Dataset extract →
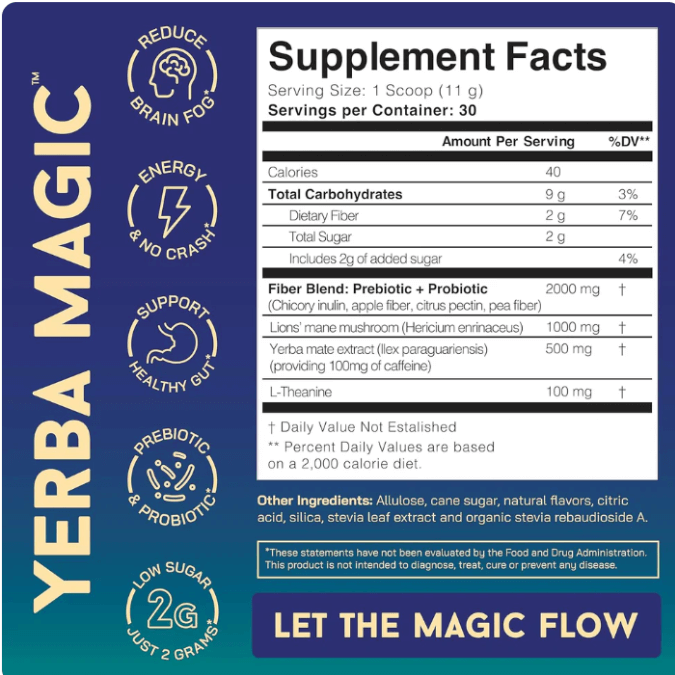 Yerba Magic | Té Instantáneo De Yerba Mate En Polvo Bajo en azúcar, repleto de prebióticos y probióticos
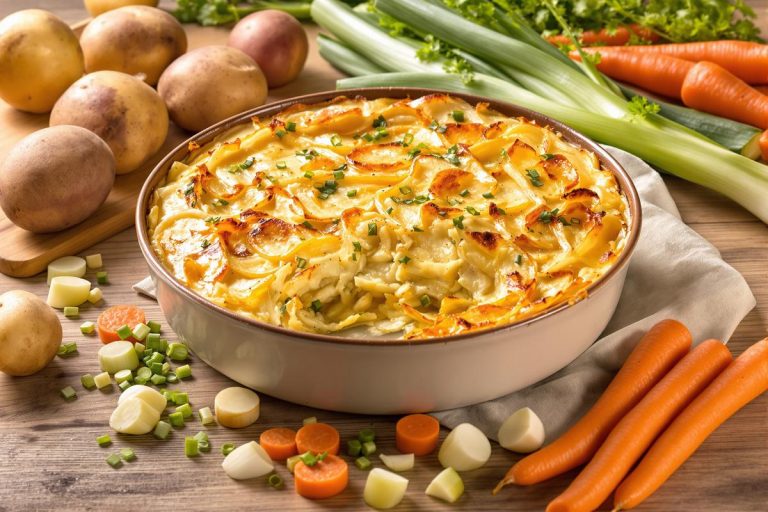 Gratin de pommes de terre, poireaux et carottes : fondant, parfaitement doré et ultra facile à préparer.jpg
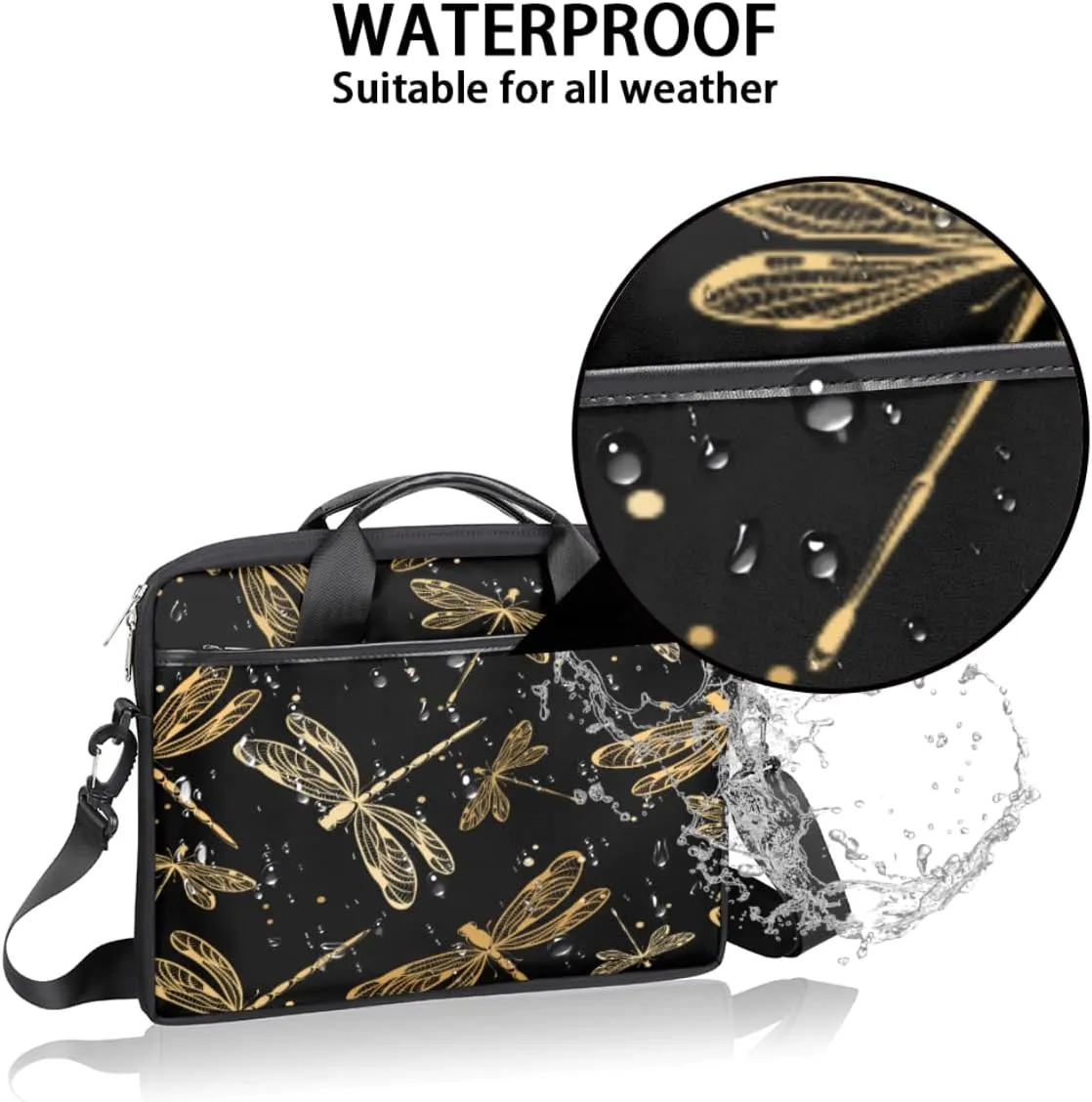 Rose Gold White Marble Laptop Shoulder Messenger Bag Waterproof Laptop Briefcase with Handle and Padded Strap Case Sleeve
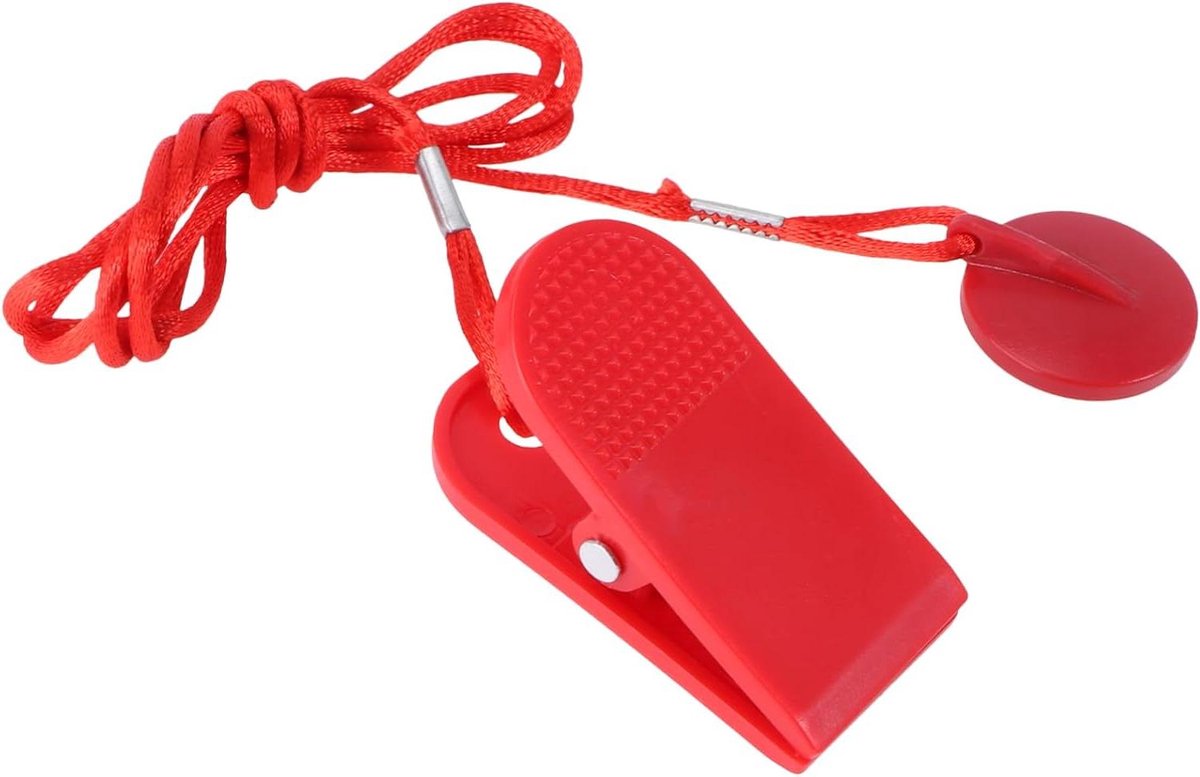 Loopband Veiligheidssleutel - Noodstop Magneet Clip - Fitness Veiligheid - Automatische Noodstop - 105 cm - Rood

Exercise aim →
Your copy should hold exactly the lines from the line containing "Rose Gold White" through the last line of the listing above, both included, and no pictures.

Output →
 Rose Gold White Marble Laptop Shoulder Messenger Bag Waterproof Laptop Briefcase with Handle and Padded Strap Case Sleeve
 Loopband Veiligheidssleutel - Noodstop Magneet Clip - Fitness Veiligheid - Automatische Noodstop - 105 cm - Rood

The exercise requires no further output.